All Quiet on the Western Front

Book Title: All Quiet on the Western Front
Author: Erich Maria Remarque
Publisher: Ballantine

One of the world's most loved and cherished books around the First World War, All Quiet on the Western Front is a testament of Paul Bäumer, who enlists with his classmates in the German army of World War I. These young men become enthusiastic soldiers, but their world of duty, culture, and progress breaks into pieces under the first bombardment in the trenches.  

Through years of vivid horror, Paul holds fast to a single vow: to fight against the hatred that meaninglessly pits young men of the same generation but different uniforms against one another, if only he can come out of the war alive.

A rather short book, the narrative is still strong and wholesome enough to deliver the punch of narrating a real life incident.
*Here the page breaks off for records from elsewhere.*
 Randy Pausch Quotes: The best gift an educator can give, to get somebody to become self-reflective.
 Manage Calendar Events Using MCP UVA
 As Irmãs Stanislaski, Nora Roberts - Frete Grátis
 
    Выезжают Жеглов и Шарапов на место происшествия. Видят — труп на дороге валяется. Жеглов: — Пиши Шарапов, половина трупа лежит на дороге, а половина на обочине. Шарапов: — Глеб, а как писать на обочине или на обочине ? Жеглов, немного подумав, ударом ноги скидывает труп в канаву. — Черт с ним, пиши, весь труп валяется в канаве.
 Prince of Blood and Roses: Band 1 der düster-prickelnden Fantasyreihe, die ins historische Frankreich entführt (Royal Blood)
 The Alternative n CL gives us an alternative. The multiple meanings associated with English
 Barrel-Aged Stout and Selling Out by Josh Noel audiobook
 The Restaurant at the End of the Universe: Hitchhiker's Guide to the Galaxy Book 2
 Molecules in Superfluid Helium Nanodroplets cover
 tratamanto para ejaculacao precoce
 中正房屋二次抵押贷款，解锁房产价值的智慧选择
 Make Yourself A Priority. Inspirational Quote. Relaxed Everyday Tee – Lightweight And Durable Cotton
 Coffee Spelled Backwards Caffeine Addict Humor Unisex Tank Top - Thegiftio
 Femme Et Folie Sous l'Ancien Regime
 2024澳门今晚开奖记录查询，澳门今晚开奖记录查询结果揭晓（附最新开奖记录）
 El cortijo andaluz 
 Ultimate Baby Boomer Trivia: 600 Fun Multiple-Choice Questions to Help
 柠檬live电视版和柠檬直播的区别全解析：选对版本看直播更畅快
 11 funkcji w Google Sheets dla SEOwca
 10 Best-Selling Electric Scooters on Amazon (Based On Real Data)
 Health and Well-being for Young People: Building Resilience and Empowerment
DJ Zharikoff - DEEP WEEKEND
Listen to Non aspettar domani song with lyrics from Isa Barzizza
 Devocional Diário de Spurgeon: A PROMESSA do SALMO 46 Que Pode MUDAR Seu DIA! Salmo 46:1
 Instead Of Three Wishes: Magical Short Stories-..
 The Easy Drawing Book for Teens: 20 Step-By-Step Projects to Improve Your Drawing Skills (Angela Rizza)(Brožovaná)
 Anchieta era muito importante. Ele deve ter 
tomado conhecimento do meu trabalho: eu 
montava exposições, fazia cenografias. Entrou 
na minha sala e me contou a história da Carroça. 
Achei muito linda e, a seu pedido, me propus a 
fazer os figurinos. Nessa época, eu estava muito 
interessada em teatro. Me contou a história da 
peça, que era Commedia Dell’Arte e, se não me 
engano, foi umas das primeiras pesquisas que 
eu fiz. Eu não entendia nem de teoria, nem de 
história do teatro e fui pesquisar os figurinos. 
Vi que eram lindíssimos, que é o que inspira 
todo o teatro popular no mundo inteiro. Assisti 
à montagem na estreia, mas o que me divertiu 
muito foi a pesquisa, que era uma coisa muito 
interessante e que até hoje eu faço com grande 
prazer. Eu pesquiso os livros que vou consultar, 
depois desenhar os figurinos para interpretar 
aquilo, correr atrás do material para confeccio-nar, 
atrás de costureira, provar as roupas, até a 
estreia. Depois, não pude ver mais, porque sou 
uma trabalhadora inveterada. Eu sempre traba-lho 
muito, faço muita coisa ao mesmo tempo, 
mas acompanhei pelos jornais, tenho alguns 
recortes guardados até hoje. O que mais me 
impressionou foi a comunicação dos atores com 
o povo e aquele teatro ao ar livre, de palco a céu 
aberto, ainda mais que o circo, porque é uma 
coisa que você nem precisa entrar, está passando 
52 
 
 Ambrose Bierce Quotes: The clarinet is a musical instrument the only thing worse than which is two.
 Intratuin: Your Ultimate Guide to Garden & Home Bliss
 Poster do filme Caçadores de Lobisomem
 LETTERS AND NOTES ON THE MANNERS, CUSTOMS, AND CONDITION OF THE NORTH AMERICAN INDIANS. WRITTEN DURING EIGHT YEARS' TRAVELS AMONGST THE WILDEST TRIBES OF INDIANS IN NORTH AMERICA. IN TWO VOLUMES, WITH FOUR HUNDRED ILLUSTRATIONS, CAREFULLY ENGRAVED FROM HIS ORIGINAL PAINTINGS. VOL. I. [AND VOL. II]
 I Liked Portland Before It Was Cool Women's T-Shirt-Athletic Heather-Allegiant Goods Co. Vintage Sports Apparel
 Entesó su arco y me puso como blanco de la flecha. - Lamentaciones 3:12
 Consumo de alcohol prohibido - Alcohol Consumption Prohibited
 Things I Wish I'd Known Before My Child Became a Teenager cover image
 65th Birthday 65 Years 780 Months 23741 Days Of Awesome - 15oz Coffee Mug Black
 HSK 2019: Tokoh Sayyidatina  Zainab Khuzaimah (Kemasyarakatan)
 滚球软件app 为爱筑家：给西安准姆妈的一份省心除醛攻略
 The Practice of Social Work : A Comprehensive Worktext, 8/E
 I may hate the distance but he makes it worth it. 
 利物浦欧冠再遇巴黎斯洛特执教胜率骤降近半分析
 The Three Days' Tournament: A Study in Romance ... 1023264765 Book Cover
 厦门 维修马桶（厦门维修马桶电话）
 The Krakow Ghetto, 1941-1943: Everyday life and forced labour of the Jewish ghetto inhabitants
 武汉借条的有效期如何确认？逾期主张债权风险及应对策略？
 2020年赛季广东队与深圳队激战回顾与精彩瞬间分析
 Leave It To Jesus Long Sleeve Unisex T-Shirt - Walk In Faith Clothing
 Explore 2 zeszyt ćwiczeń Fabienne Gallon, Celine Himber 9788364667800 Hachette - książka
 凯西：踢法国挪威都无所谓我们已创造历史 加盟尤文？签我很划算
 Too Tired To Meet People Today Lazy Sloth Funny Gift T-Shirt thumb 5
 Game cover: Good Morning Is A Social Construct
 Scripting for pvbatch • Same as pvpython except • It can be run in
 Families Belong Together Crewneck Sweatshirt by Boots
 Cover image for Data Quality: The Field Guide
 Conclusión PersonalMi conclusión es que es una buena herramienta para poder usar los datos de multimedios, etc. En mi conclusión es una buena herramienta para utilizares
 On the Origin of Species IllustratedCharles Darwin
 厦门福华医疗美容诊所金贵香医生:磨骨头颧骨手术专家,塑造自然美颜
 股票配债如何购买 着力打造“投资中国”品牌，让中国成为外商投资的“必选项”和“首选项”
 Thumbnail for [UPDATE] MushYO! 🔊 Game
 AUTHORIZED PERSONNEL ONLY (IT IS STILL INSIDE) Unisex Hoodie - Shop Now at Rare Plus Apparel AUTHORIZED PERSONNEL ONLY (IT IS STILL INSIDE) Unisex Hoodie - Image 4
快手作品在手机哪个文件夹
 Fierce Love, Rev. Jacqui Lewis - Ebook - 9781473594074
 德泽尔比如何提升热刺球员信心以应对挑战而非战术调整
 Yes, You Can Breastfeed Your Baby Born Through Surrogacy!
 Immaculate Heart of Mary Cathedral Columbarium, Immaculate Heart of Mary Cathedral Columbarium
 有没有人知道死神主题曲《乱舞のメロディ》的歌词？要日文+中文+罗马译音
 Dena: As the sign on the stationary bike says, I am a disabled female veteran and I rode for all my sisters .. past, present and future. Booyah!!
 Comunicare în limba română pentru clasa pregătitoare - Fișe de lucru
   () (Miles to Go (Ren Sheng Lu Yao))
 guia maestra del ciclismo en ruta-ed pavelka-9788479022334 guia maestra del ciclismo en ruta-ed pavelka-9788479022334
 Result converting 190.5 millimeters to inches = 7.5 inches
Every moment in the trenches, every sharp contrast with what life would have been, the thoughtful contrast between policy rhetoric and actual on the ground hostilities and the myriad demands that war imposes on the lives of the innocent remain as true today as they were, about a hundred years ago. 

The book is a very humane  narrative of what war is, and what goes on in the minds of those waging it. It is not about glorifying war, battle or fighting, or even bloodshed. It does not take or even justify sides. It just paints a powerful picture of how war indiscriminately destroys.